*Try it*: Quote the data below in full, please, without altering anything.

*Raw data*:
##########

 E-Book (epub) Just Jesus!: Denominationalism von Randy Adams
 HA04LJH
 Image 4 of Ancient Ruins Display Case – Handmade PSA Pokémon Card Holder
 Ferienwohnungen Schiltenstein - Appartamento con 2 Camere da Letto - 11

##########

*Written reply*:
 E-Book (epub) Just Jesus!: Denominationalism von Randy Adams
 HA04LJH
 Image 4 of Ancient Ruins Display Case – Handmade PSA Pokémon Card Holder
 Ferienwohnungen Schiltenstein - Appartamento con 2 Camere da Letto - 11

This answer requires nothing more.